Steps completed: 6/6
Success rate: 100.0%
Duration: 12.34 seconds

Key Metrics:
  Documents loaded: 6
  Text chunks: 45
  Embeddings processed: 45
  Vector store size: 45

Troubleshooting

Common Issues

  1. API Key Issues:

    Error: OPENAI_API_KEY is required
    

    Solution: Set your OpenAI API key in .env file or environment variable.

  2. Missing Dependencies:

    ImportError: No module named 'langchain'
    

    Solution: Install requirements: pip install -r requirements.txt

  3. Sample Documents Not Found:

    FileNotFoundError: Sample docs directory not found
    

    Solution: Run from project root or ensure sample_docs/ directory exists.

  4. Fragmentation Requires Multiple Models:

    ValueError: Fragmentation technique requires at least 2 embedding models
    

    Solution: Configure multiple models in OPENAI_FALLBACK_MODELS or disable fragmentation.

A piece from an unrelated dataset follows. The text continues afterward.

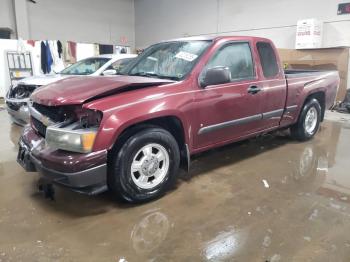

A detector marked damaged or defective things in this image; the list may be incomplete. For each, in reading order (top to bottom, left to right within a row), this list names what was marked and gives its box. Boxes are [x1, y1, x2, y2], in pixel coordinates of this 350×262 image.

  5. Ollama Connection Issues:

    Failed to initialize Ollama embeddings: Connection refused
    

    Solution: Start Ollama service: ollama serve

Debug Mode

For detailed debugging, set environment variables:

export LOG_LEVEL=DEBUG
export OPENAI_FALLBACK_ENABLED=true
python quickstart_demo.py

Validation Steps

If the demo fails, check these components:

  1. Configuration: Ensure all required environment variables are set
  2. API Access: Test OpenAI API connectivity manually
  3. File Permissions: Verify read access to sample_docs/ directory
  4. Dependencies: Confirm all Python packages are installed
  5. System Resources: Ensure sufficient memory for embedding operations

Understanding the Results

Success Metrics

  • Success Rate: Percentage of steps completed successfully
  • Documents Loaded: Number of sample documents processed
  • Text Chunks: Number of text segments created for embedding
  • Embeddings Processed: Number of vector embeddings generated
  • Vector Store Size: Number of documents stored in the vector database

Steganography Effectiveness

The demo validates that:

  • Embeddings can be successfully obfuscated using multiple techniques
  • Data can be fragmented across different embedding models
  • Original information remains retrievable through semantic search
  • Integrity checks pass for reconstructed data

Performance Indicators

  • Duration: Total execution time (typically 10-30 seconds)
  • Query Success: All test queries return relevant results
  • Reconstruction: Fragment reconstruction maintains data integrity
  • No Critical Errors: All major operations complete successfully

Next Steps

After running the quickstart demo:

  1. Explore Advanced Features: Try the full embedding and query scripts in scripts/
  2. Custom Documents: Test with your own document sets
  3. Production Deployment: Use Docker and Kubernetes configurations
  4. Security Analysis: Run the risk assessment and forensic tools
  5. Research Applications: Adapt techniques for your specific use case

Educational Value

This demo illustrates:

  • Attack Vectors: How sensitive data can be exfiltrated through embeddings
  • Detection Challenges: Why traditional DLP tools miss semantic data leaks
  • Steganographic Techniques: Methods for hiding data in vector spaces
  • Defensive Strategies: What security teams should monitor and detect

Remember: This tool is for educational and authorized security testing only. Always obtain proper authorization before testing on any systems you don't own.